Tentata estorsione, stalking, maltrattamenti e, come se non bastasse, violenza sessuale. Accuse da far tremare i polsi quelle contestate ad Antonino S., 66enne originario del Siracusano, ma da tempo residente a Cosenza. Accuse che si sono rivelate poi completamente infondate. Eppure, per quel lungo elenco di vessazioni che si sospettava avvesse commesso ai danni della sua compagna, l’uomo è finito pure in carcere e c’è rimasto per quasi un anno prima che la misura fosse sostituita con un più blando divieto di dimora nella città dei Bruzi. Fatto sta che alla fine del processo, anche la Procura si è determinata a chiederne l’assoluzione poi sancita dai giudici in formula inappellabile: il fatto non sussiste.

Il quadro di partenza, invece, era a tinte fosche, anzi foschissime. Antonino S., infatti, era accusato di aver sviluppato una relazione più che tossica con quella donna, vedova e di sei anni più giovane di lui. Quest’ultima, infatti, aveva raccontato di essere stata sottoposta a violenze e umiliazioni di ogni tipo. “Sei la mia puttana” le avrebbe detto in un caso il compagno prima di costringerla ad avere rapporti sessuali con lui anche sotto la minaccia di coltelli e pugnali. In un’altra circostanza, l’avrebbe afferrata per il collo quasi fino a farle mancare il respiro. In quel modo, voleva costringerla a consegnargli la pensione di reversibilità del suo defunto marito. E poi maltrattamenti diffusi che, quando la donna decide di interrompere la relazione, si trasformano in persecuzioni quali presenza assidua sotto casa con dito incollato al suo citofono.
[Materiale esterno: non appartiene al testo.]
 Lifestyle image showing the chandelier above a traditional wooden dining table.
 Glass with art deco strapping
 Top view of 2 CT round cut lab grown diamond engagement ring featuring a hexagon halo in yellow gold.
Tutto questo, riferiva la vittima, s’era verificato nell’estate del 2022 e, tempo qualche settimana, per il presunto aguzzino si spalancavano le porte del carcere di Vibo. Il processo, dicevamo, ha finito per ribaltare la percezione iniziale della vicenda. Durante il dibattimento, infatti, il difensore dell’imputato, l’avvocato Achille Francesco Esposito, ha fatto risaltare una serie di contraddizioni e incongruenze tra il racconto della parte offesa e quello fornito in aula da sua figlia. Versioni in alcuni punti inconciliabili quelle delle due donne, tant’è che il pubblico ministero, in via accessoria, ha chiesto la trasmissione in Procura degli anni che le riguardano. Rischiano rispettivamente l’incriminazione per calunnia e falsa testimonianza.